Learned altruistic behavior, seeing all people as equals, gave the rescuers the ability to transcend the propaganda against the Jews and to see them as human beings just like themselves.
Most Germans during the Nazi era weren’t executioners. They were mainly by-standers, neither helping nor hindering the extermination program. But there was a small group who risked their own lives in order to help those who were destined for death camps. They did this without any expectation of reward, at great risk to themselves and often for strangers.
Eva Fogelman, a founding director of the Jewish Foundation for Christian Rescuers and co-director of Psychotherapy with Generations of the Holocaust and Related Traumas, wanted to know whether there were factors held in common by those who saved Jews from the Nazi Holocaust.

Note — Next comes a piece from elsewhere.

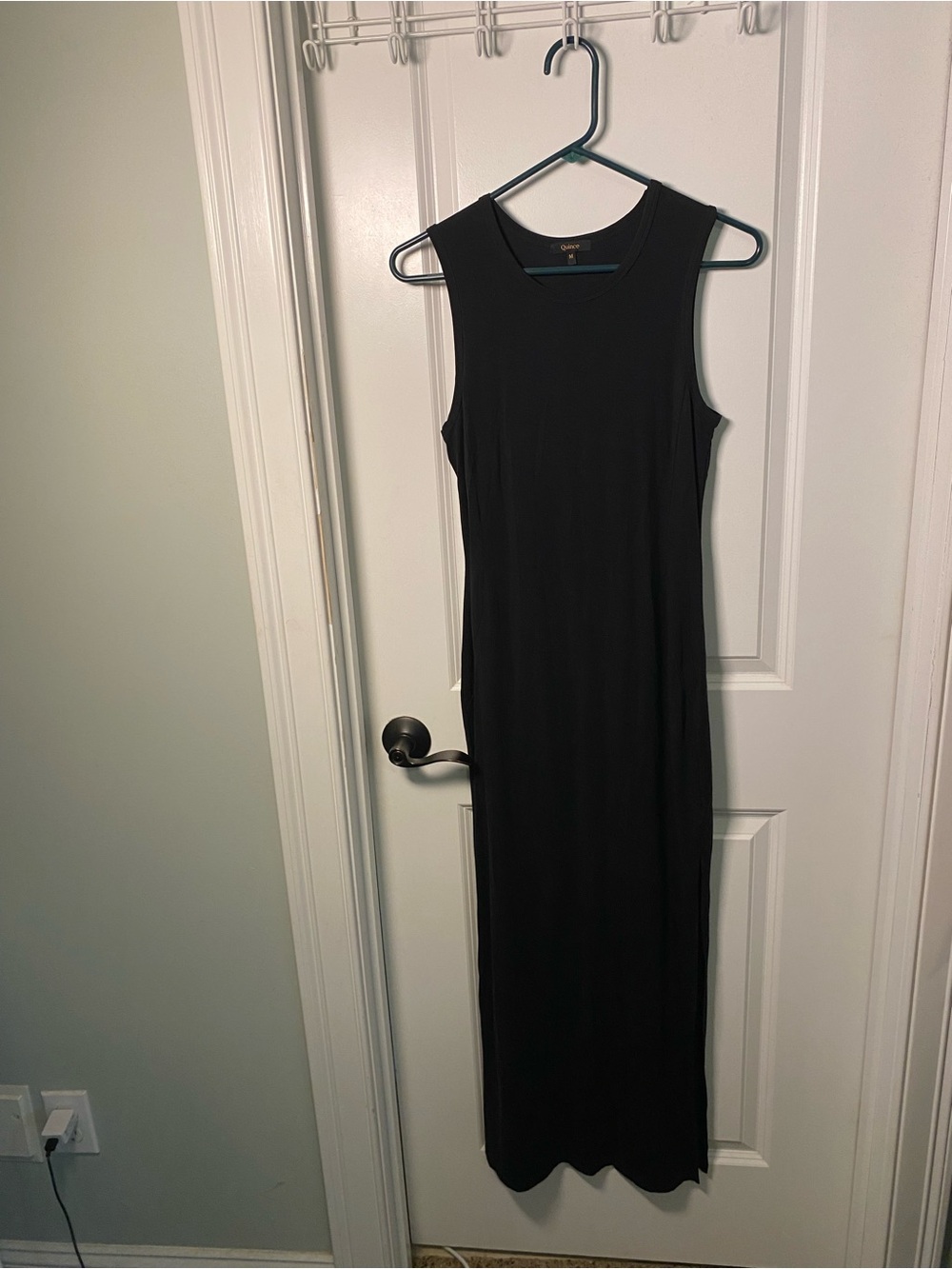 Quince Classic Black Sleeveless Maxi Dress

She wondered if the rescuers were a particular nationality, social class, religion, political affiliation or gender. No, is her answer. Some were intensely religious, others atheists, and others non-practicing Christians. Rescuers came from all classes and occupations — farmers, executives, doctors, blacksmith, social workers and dressmakers.
Gender and politics weren’t factors either. Men, women, conservatives and communist were all amongst the rescuers.
So if none of these characteristics made a difference, what did?
Fogelman says it is ‘character.’
“[It was not] just a haphazard collection of individuals who chanced to rescue Jews, but people who have surprisingly similar humanistic values. It was not a whim that led these people to risk their lives and those of their families, but a response…that came from core values developed and instilled in them in childhood,” Fogelman says.
As children they experienced one or more of the following: a nurturing, loving home; an altruistic parent or beloved caretaker; a tolerance for people who were different; a childhood illness or loss that tested their resilience; an emphasis upon independence, discipline with explanations, and caring.
The values they shared were altruism, independence of mind and respect for differences among people. As children, the rescuers were taught these principles as part of daily living. “This made virtue a habit,” says Fogelman. She tells us that the parents of some of the rescuers had involved them in helping others by bringing food to a sick person or sleeping over at a house where a neighbor was about to give birth and her husband was not there.
Fogelman says, “Learned altruistic behavior, seeing all people as equals, gave the rescuers the ability to transcend the propaganda against the Jews and to see them as human beings just like themselves. They took the responsibility to help because they knew that unless they did something that person would die.”